OrientDB Interface Methods
ebel.manager.orientdb.odb_meta.Graph
Bases: ABC
Generic parent class for BioDBs.
classes: Tuple[OClass, ...]
property
Return generic, node and edge classes as List[OClass].
number_of_generics: Dict[str, int]
property
Returns for number of entries in OrientDB classes and RDB tables. Tables have priority.
number_of_nodes
property
Return node count.
number_of_edges
property
Return edge count.
__init__(generics: Tuple[Generic] = (), nodes: Tuple[Node] = (), edges: Tuple[Edge] = (), indices: Tuple[OIndex] = (), urls: dict = None, biodb_name: str = '', tables_base=None, config_params: Optional[dict] = None, overwrite_config: bool = False)
Init method.
__config_params_check(overwrite_config: bool = False)
Go through passed/available configuration params.
execute(command_str: str) -> List[OrientRecord]
Execute a command directly in the OrientDB server.
Parameters
command_str: str The SQL to be executed
Raises
PyOrientCommandException Caused by a disconnect to the ODB server. eBEL will try to reconnect if possible.
Returns
ODB response.
set_configuration_parameters()
Set configuration for OrientDB database client instance using configuration file or passed params.
get_client() -> OrientDB
Attempts to connect to the OrientDB client. This is currently done by using session tokens.
__repr__()
Represent the class.
insert_data() -> Dict[str, int]
abstractmethod
Insert all generic data.
update_interactions() -> int
abstractmethod
Insert all generic data.
clear_and_import_data() -> Dict[str, int]
Clears the associated table and inserts the data from raw downloaded data.
create_index_rdbms(table_name: str, columns)
Creates index on column(s) in RDBMS.
clear_edges_by_bel_doc_rid(bel_document_rid: str, even_if_other_doc_rids_exists=True)
Delete all edges linked to a specified BEL document rID.
clear_documents() -> int
Clear all document info. Returns number of deleted documents.
get_number_of_bel_statements_by_document_rid(bel_document_rid: str) -> int
Return BEL statement count with a given document ID.
get_documents()
Return all document info as pandas DataFrame.
get_documents_as_dict()
Return all document info as pandas DataFrame.

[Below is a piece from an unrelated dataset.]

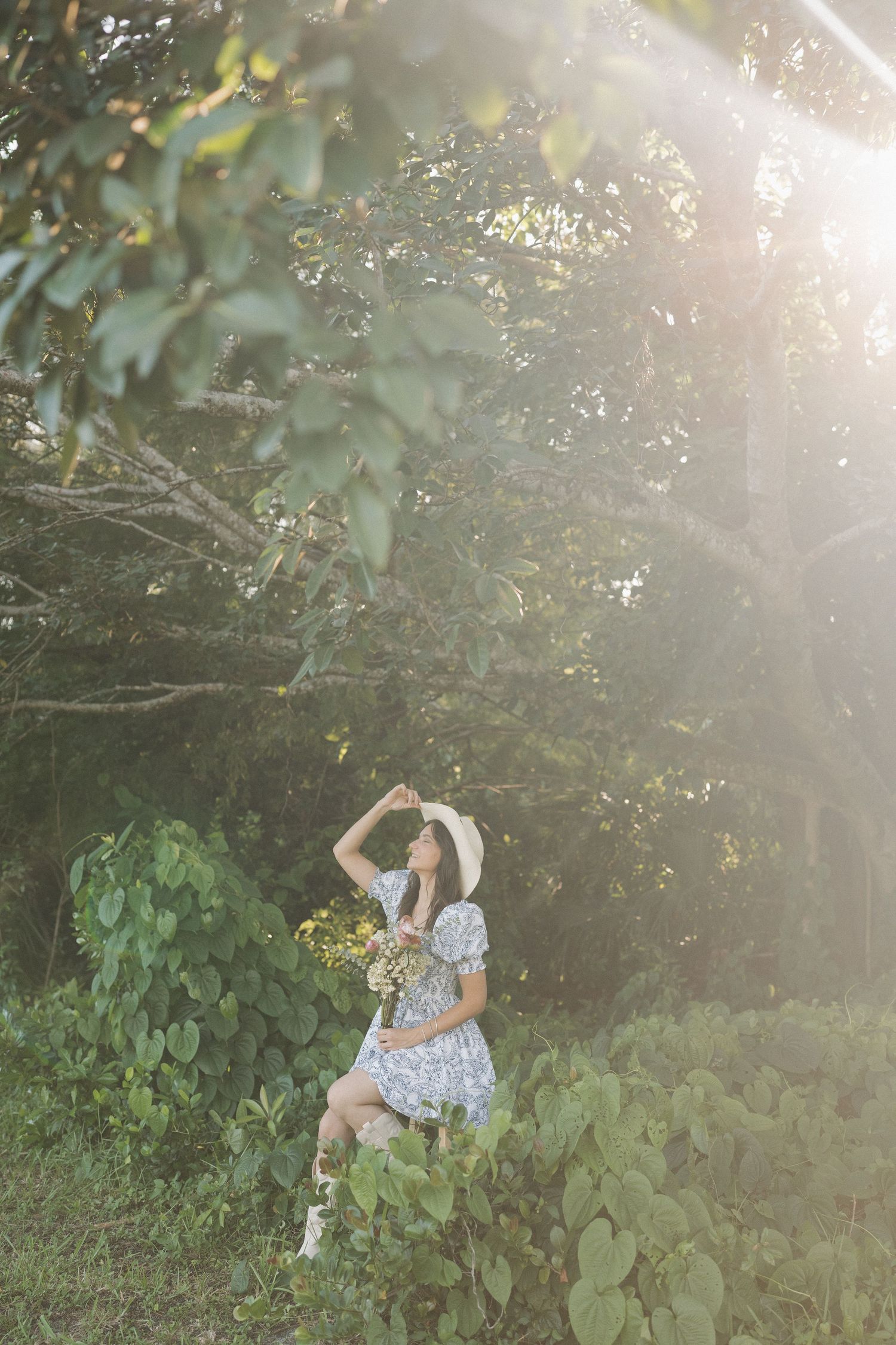 Dreamy sunlit garden scene with flowy dress and hat in natural setting.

add_keyword(keyword: str, description: str) -> pd.DataFrame
Add a keyword and description used to tagging BEL documents.
Parameters
keyword : str The name of a project the work is based on or type of work description : str Detailed explanation of the keyword
get_info_class(class_name)
Return info about class.
get_info_properties(class_name: str, short: bool = True)
Get the property information for a specified table.
entry_exists(class_name, **params) -> bool
Check if class_name whith parameters exists.
query(sql: str) -> pd.DataFrame
Return a pandas DataFrame results table.
query_get_dict(sql: str) -> List[dict]
Return list of dictionaries using a given SQL query.
query_class(class_name: str, limit: int = 0, skip: int = 0, columns: Iterable[str] = None, with_rid=True, with_class=False, print_sql: bool = False, group_by: List[str] = None, distinct=False, as_dataframe: bool = False, where_list: Tuple[str] = (), **params) -> Union[List[dict], pd.DataFrame]
Query class by params and returns list of pyorient.OrientRecord.
query_class_chunks(class_name: str, chunk_size: int = 10000, columns: Iterable[str] = None, with_rid=True, with_class=False, print_sql: bool = False, group_by: List[str] = None, distinct: bool = False)
Query class by params and only return a set of results in batches. Creates a generator.
query_rid(rid, columns: list = None)
Query specified columns of a given rID entry.
download(url_dict: Dict[str, str] = None, biodb: str = None, expiration_days: int = 100) -> Dict[str, bool]
Download url to file_path if not older than expiration_days.
download_file(url: str, biodb: str, expiration_days: int = 100, addtional_header: dict = None) -> bool
staticmethod
Download file. Returns True if it was needed to download the file.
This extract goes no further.